Entscheidung im Asylverfahren; Gericht spricht Irakerin Abschiebeschutz wegen drohender Zwangsverheiratung zu; umfangreiche Auswertung von Studien zur Situation insbesondere alleinstehender Frauen im Irak

Zusammenfassung

Das Verwaltungsgericht spricht der Klägerin Schutz vor einer Abschiebung in den Irak zu, bestätigt jedoch die Ablehnung ihres Asylantrages.

Die Klägerin ist Irakerin mit yezidischem Glauben. Sie war 2010 über die Türkei aus dem Irak nach Deutschland gekommen, da sie in ihrer Heimat gegen ihren Willen verheiratet werden sollte. Ihr Vater war unter Druck gesetzt worden, sie mit einem seiner Cousins zu verheiraten. Ein Onkel hatte ihr geholfen, das Land zu verlassen. Das Bundesamt für Migration hatte ihren Asylantrag abgelehnt. Insbesondere drohe ihr keine Verfolgung wegen ihrer Zugehörigkeit zur yezidischen Religion. Ihre Angaben zu einer drohenden Zwangsverheiratung hielt das Bundesamt für unglaubhaft.

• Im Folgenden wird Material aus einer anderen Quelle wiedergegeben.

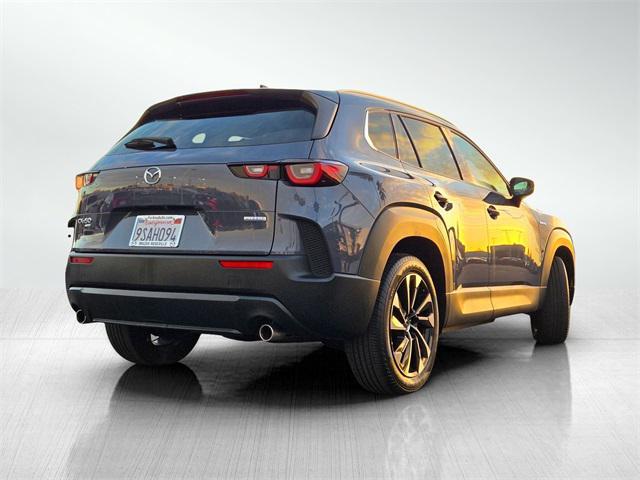 used 2025 Mazda CX-50 Hybrid car, priced at $35,500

Das Verwaltungsgericht sieht zwar auch keinen Asylgrund gegeben, glaubt jedoch den Schilderungen der Klägerin zu den Umständen ihrer Zwangsverheiratung und verpflichtet deswegen das Bundesamt, einen Abschiebeschutz nach § 60 Absatz 7 Satz 1 des  Aufenthaltsgesetzes festzustellen. Danach soll nicht in einen Staat abgeschoben werden, in dem den Betroffenen Gefahr für Leib, Leben oder Freiheit droht. Das Gericht stellt fest, dass hierfür nicht schon die theoretische Möglichkeit einer Rechtsverletzung ausreicht. Vielmehr muss eine individuelle Gefährdungslage mit erhöhter Wahrscheinlichkeit landesweit vorliegen.

Das Gericht nimmt zur Einschätzung der Situation der Klägerin im Falle einer Rückkehr umfangreiche Auswertungen verschiedener Studien zur Situation insbesondere alleinstehender Frauen im Irak vor. Diese hat sich nach allen Berichten erheblich verschlechtert. Frauen werden Opfer von Übergriffen und Verfolgung und sind in ihrer Bewegungsfreiheit stark eingeschränkt. Dies gelte gerade für alleinstehende Frauen, die nicht im Schutz von Familie oder eines Clans stehen. Insbesondere ihnen drohe die Gefahr, Opfer von MenschenhändlerInnen zu werden.

Das Gericht kommt infolgedessen zu dem Ergebnis, dass die Klägerin im Irak kein selbstbestimmtes Leben würde führen können. Der Erwerb des Lebensunterhaltes würde für die Klägerin, die vor ihrer Ausreise als Näherin gearbeitet hatte, unmöglich sein, da ihr entweder die bei Yeziden übliche Zwangsverheiratung drohen würde oder die Tötung im Falle der Weigerung. Eine Niederlassung in einem anderen Gebiet des Iraks sei für sie als alleinstehende Frau nicht möglich.